- Work to be completed
I would like each line of the data that holds the word "Miami" copied out.

Exercise data Block Start

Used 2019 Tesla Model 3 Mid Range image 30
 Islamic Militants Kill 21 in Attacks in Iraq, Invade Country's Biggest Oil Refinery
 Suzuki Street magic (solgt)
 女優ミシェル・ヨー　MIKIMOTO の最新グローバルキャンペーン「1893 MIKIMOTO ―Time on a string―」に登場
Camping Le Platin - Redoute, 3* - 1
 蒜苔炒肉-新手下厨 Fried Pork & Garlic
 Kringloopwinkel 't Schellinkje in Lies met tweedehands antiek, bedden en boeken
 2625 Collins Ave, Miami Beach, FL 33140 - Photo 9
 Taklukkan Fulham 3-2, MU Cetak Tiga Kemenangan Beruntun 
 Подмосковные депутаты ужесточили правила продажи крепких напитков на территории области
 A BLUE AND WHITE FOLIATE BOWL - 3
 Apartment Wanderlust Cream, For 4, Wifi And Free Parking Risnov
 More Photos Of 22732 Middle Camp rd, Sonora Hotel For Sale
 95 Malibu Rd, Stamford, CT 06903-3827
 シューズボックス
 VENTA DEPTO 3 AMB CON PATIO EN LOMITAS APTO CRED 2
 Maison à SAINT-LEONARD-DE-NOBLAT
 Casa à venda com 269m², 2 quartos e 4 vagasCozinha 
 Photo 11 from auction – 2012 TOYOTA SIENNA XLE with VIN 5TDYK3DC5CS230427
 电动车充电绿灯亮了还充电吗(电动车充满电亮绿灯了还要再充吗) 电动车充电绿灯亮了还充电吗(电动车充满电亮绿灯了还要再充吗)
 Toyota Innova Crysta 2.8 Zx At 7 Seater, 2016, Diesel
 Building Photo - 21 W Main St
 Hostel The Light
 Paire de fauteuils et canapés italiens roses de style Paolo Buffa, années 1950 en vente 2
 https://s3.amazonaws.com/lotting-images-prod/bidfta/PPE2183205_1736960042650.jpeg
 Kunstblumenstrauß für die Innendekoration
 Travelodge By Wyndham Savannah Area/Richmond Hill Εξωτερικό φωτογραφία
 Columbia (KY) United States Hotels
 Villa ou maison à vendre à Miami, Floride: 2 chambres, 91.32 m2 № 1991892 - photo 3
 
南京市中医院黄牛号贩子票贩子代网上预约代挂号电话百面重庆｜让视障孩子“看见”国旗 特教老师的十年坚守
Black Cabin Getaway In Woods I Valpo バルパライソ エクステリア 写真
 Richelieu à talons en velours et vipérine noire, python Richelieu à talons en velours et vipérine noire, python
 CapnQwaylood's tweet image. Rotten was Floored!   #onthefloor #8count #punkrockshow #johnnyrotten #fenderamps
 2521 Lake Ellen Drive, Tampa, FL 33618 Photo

Exercise data Block End

- Response area
 2625 Collins Ave, Miami Beach, FL 33140 - Photo 9
 Villa ou maison à vendre à Miami, Floride: 2 chambres, 91.32 m2 № 1991892 - photo 3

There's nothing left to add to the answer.